In the real world, systems aren’t funneled into one obvious task above all others. That’s why BASALT provides a set of tasks and task descriptions, as well as information about the player’s inventory — but no rewards. For example, a task called MakeWaterfall provides in-game items, including water buckets, stone pickaxe, stone shovels, and cobblestone blocks, along with the description “After spawning in a mountainous area, the agent should build a beautiful waterfall and then reposition itself to take a scenic picture of the same waterfall. The picture of the waterfall can be taken by orienting the camera and then throwing a snowball when facing the waterfall at a good angle.”
BASALT allows designers to use whichever feedback mechanisms they prefer to create systems that accomplish the tasks. The benchmark records the trajectories of two different systems on a particular environment and asks a human to decide which of the agents performed the task better.
The researchers say BASALT affords a number of advantages over existing benchmarks, including reasonable goals, large amounts of data, and robust evaluations. In particular, they make the case that Minecraft is well-suited to the task because there are thousands of hours of gameplay on YouTube competitors could use to train a system. Moreover, Minecraft’s properties are easy to understand, the researchers say, with tools that have functions similar to real-world tools and straightforward goals like building shelter and acquiring enough food to not starve.

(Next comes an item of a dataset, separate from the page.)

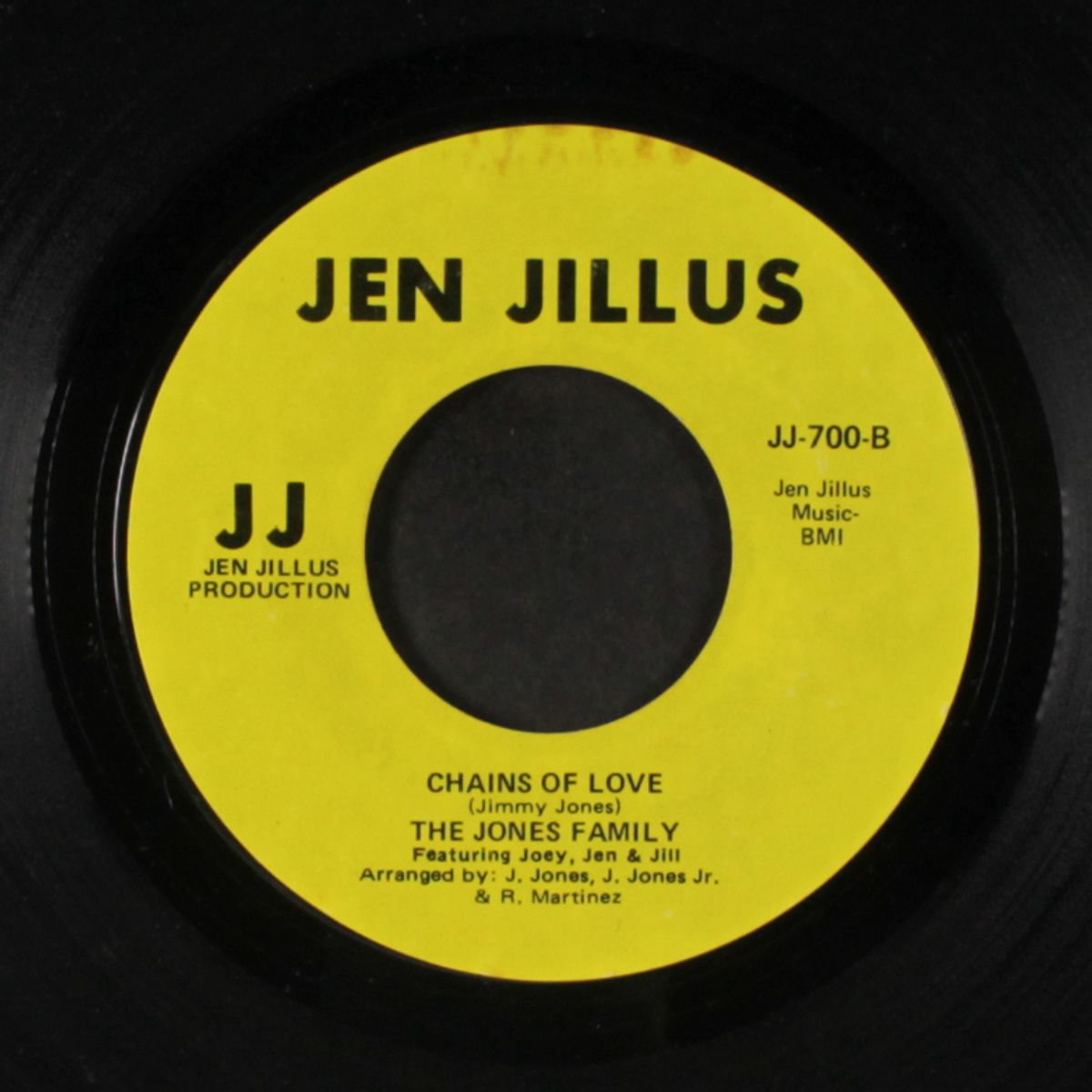 chains of love / you've gotta feel it baby by JONES FAMILY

BASALT is also designed to be feasible to use on a budget. The code ships with a baseline system that can be trained in a couple of hours on a single GPU, according to Rohin Shah, a research scientist at DeepMind and project lead on BASALT.
“We hope that BASALT will be used by anyone who aims to learn from human feedback, whether they are working on imitation learning, learning from comparisons, or some other method. It mitigates many of the issues with the standard benchmarks used in the field. The current baseline has lots of obvious flaws, which we hope the research community will soon fix,” Shah wrote in a blog post. “We envision eventually building agents that can be instructed to perform arbitrary Minecraft tasks in natural language on public multiplayer servers, or inferring what large-scale project human players are working on and assisting with those projects while adhering to the norms and customs followed on that server.”
The evaluation code for BASALT will be available in beta soon. The team is accepting sign-ups now, with plans to announce the winners of the competition at the NeurIPS 2021 machine learning conference in December.